● **What to work on**
Look through the data below and extract, unchanged, the lines from the one that contains "Seat the overdenture" to the one that contains "A percentage of", both included.

───── Entries supplied ─────

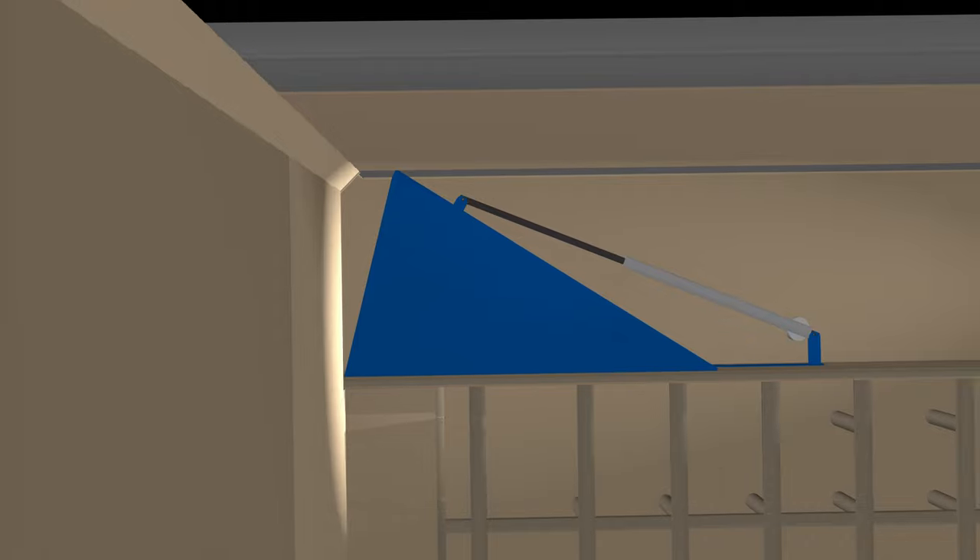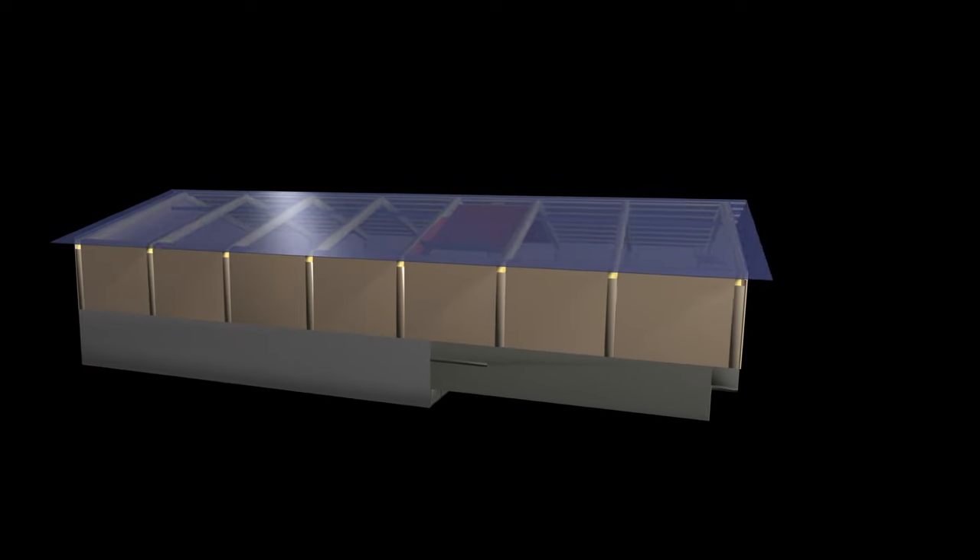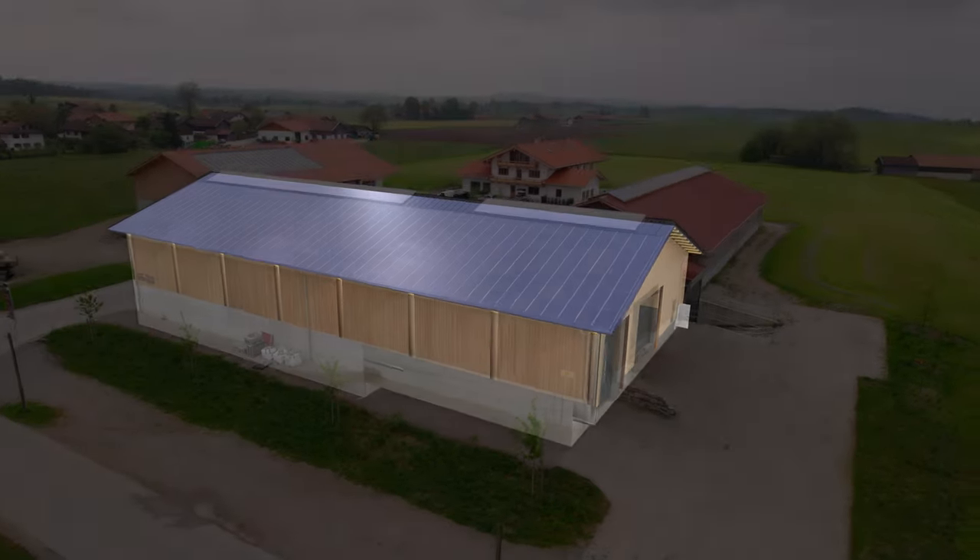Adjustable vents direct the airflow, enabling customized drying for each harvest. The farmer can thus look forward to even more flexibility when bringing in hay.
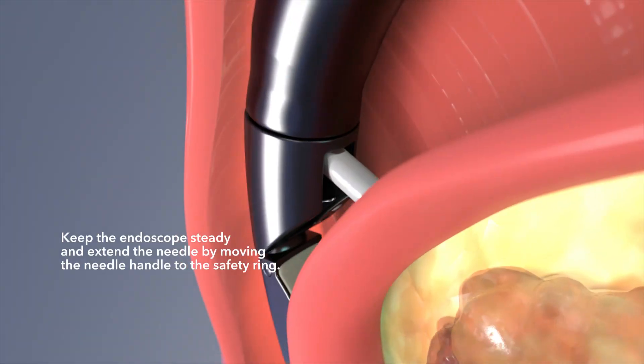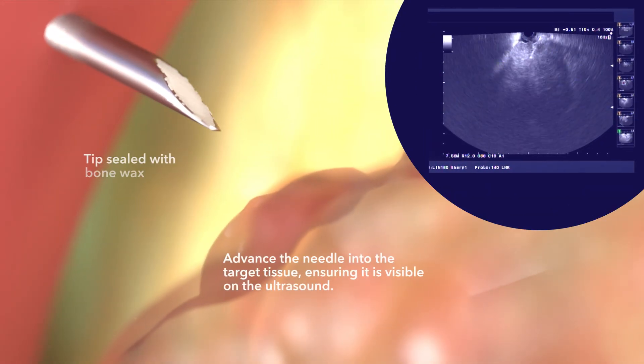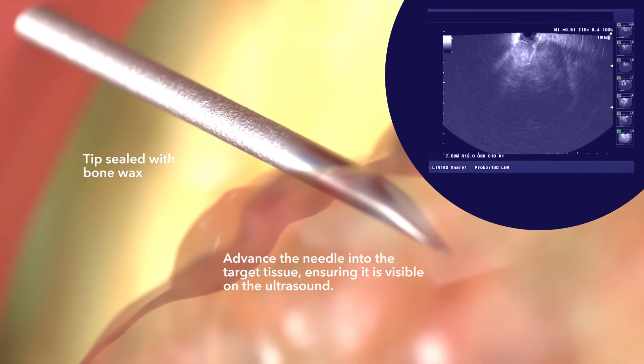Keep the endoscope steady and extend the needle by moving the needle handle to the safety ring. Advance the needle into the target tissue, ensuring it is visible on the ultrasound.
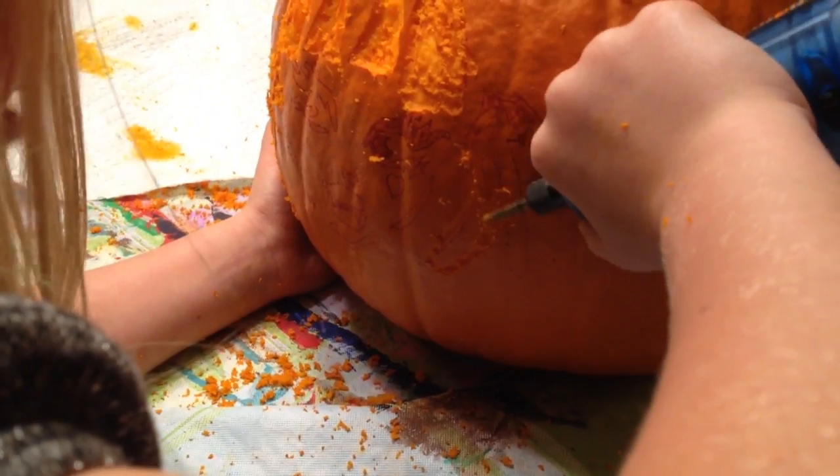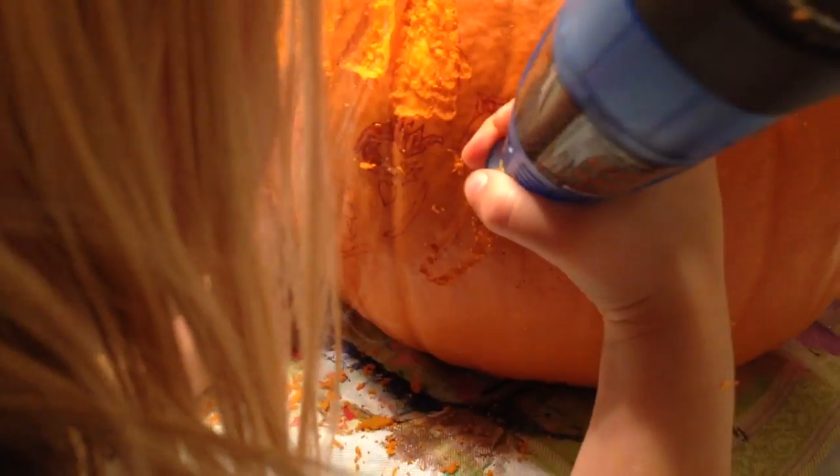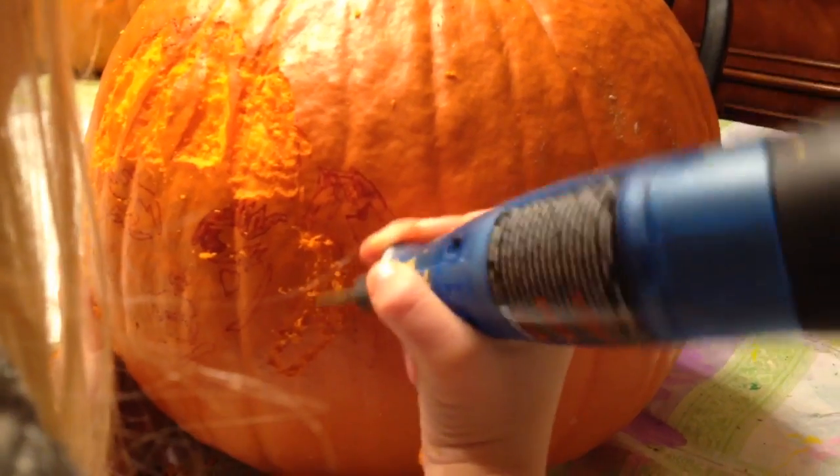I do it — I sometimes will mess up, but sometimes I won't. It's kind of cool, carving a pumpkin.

─────
───── Entries supplied ─────

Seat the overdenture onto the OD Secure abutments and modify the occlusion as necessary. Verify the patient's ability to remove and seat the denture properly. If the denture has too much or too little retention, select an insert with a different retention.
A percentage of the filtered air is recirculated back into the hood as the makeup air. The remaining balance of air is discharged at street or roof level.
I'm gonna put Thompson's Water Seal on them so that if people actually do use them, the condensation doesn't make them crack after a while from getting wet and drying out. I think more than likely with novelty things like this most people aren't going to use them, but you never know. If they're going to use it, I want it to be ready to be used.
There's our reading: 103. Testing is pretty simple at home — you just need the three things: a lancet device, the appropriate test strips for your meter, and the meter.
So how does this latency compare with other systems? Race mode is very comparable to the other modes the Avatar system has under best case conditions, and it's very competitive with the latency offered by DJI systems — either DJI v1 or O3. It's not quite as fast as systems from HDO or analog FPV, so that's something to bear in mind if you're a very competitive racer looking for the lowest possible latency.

─────

● **Answer for this exercise**
Seat the overdenture onto the OD Secure abutments and modify the occlusion as necessary. Verify the patient's ability to remove and seat the denture properly. If the denture has too much or too little retention, select an insert with a different retention.
A percentage of the filtered air is recirculated back into the hood as the makeup air. The remaining balance of air is discharged at street or roof level.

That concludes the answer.